**Entries supplied**.
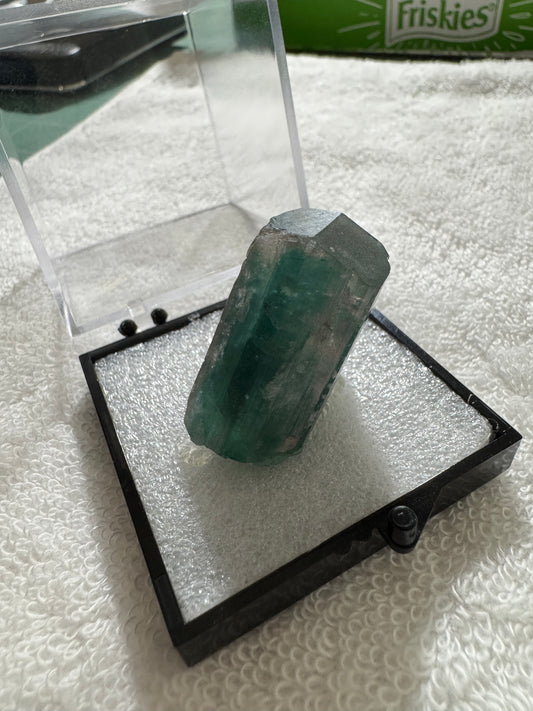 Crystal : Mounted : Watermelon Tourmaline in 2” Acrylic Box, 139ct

* * *

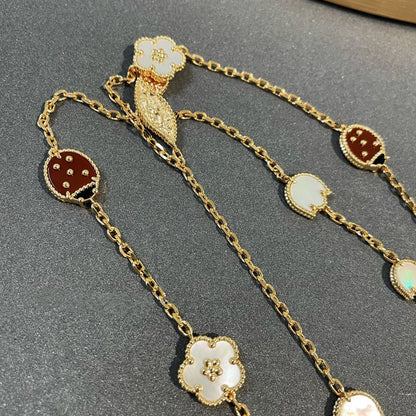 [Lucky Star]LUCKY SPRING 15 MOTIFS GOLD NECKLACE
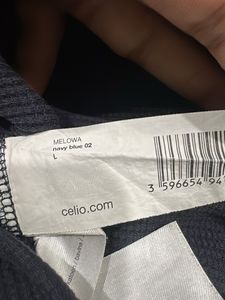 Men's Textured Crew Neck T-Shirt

**Work order**. Output only the lines above from the one containing "[Lucky Star]LUCKY SPRING" to the one containing "Men's Textured Crew Neck T-Shirt", both included, exactly as written and with no pictures.

**Answer for the task**.
 [Lucky Star]LUCKY SPRING 15 MOTIFS GOLD NECKLACE
 Men's Textured Crew Neck T-Shirt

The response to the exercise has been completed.